Scraped caption text data
☆ ☆ ☆

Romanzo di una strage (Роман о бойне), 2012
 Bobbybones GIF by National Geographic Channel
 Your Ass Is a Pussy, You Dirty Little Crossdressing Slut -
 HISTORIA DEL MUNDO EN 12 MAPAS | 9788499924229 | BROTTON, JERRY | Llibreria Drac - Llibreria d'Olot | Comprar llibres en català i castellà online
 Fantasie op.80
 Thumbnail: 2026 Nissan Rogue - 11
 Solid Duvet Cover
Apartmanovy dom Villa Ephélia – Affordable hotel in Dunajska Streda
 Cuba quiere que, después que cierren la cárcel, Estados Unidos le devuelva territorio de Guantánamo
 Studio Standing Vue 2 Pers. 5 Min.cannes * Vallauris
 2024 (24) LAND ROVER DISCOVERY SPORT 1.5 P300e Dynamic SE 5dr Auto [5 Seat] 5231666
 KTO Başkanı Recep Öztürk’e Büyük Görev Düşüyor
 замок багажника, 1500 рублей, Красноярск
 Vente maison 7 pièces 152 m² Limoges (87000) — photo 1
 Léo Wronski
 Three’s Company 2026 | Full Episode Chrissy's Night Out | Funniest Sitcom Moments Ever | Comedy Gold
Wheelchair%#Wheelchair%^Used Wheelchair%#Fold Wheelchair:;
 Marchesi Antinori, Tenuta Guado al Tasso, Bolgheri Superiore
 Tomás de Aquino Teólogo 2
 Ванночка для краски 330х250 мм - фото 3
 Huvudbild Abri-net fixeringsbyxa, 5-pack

☆ ☆ ☆

ASSIGNED TASK ::
The reply should restate the records above in full, character for character.

TASK SOLUTION ::
Romanzo di una strage (Роман о бойне), 2012
 Bobbybones GIF by National Geographic Channel
 Your Ass Is a Pussy, You Dirty Little Crossdressing Slut -
 HISTORIA DEL MUNDO EN 12 MAPAS | 9788499924229 | BROTTON, JERRY | Llibreria Drac - Llibreria d'Olot | Comprar llibres en català i castellà online
 Fantasie op.80
 Thumbnail: 2026 Nissan Rogue - 11
 Solid Duvet Cover
Apartmanovy dom Villa Ephélia – Affordable hotel in Dunajska Streda
 Cuba quiere que, después que cierren la cárcel, Estados Unidos le devuelva territorio de Guantánamo
 Studio Standing Vue 2 Pers. 5 Min.cannes * Vallauris
 2024 (24) LAND ROVER DISCOVERY SPORT 1.5 P300e Dynamic SE 5dr Auto [5 Seat] 5231666
 KTO Başkanı Recep Öztürk’e Büyük Görev Düşüyor
 замок багажника, 1500 рублей, Красноярск
 Vente maison 7 pièces 152 m² Limoges (87000) — photo 1
 Léo Wronski
 Three’s Company 2026 | Full Episode Chrissy's Night Out | Funniest Sitcom Moments Ever | Comedy Gold
Wheelchair%#Wheelchair%^Used Wheelchair%#Fold Wheelchair:;
 Marchesi Antinori, Tenuta Guado al Tasso, Bolgheri Superiore
 Tomás de Aquino Teólogo 2
 Ванночка для краски 330х250 мм - фото 3
 Huvudbild Abri-net fixeringsbyxa, 5-pack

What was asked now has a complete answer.